Frieze New York Highlights
The third edition of Frieze New York opened its doors last Thursday for a VIP preview. Although I'm not jaded, I found Frieze to be less exciting than it was last year. There were some cool and interesting discoveries. Pieces from blue chip and mid-career artists abounded under the massive tent on Randall's Island but also a few emerging artists got their space in more experimental sections such as "Frame" and "Focus".
Language, infographics and the use of the word as conceptual art, although nothing new, were quite present in this edition of Frieze. In this category, Jack Pierson's indisputably takes the lead with his humorous wall installations which were hanging on the booths of several galleries. Also in this group, Alfredo Jaar, Sam Durant, Barry McGee and Doug Aitken –who continues to be a favorite of mine- brought cheekiness, irony and fun to an otherwise buttoned-up environment.

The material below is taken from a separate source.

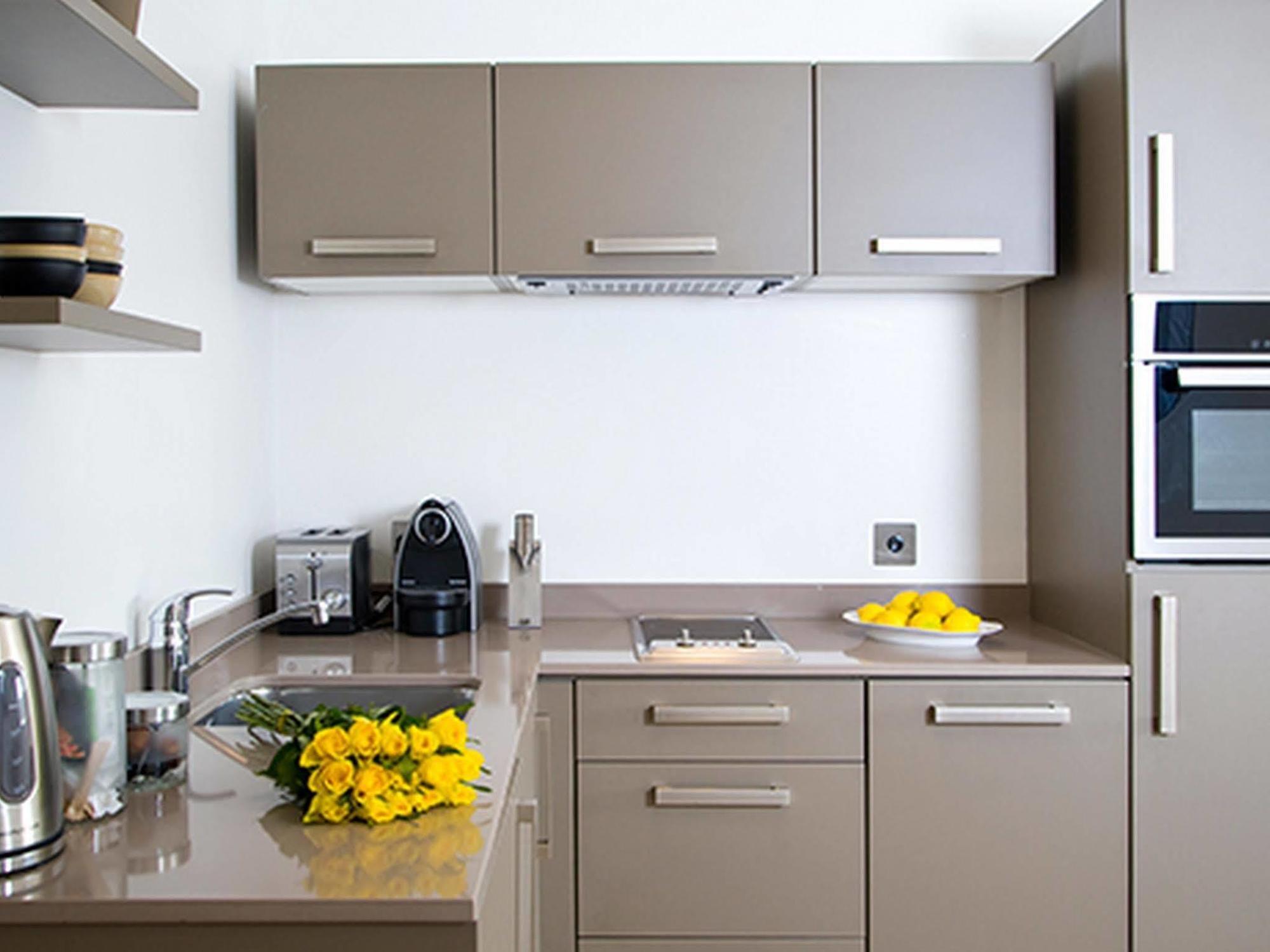 The Rosebery By Supercity Aparthotels London Eksteriør billede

I truly liked the amazingly large and intensely blue canvas by Yinka Shonibare at James Cohan's gallery made with toys from New York. In the same vein of fantasy, toys and escapism, the work of Cologne-based artist Claus Richter and his entire mixed media installation called "Toyshop" was a standout.
In the photographic realm, Daniel Gordon's still life was simply extraordinary and so it was Catherine Opie's photograph of Elizabeth Taylor's jewelry.
All of the works by New Zealand artist Jim Lambie were very compelling. His shattered mirror piece with Sadie Coles was really quite stunning and invited a lot of interaction with the onlookers.
Abstract continues to be super strong and a few of the artists' pieces that caught my eye were those by Sarah Cain, Alessandro Penelli, Chris Martin, Ellen Berkenblit and Gert and Uwe Tobias whose more saturated and vibrant palette contrasted with their own previous work which were darker and moodier.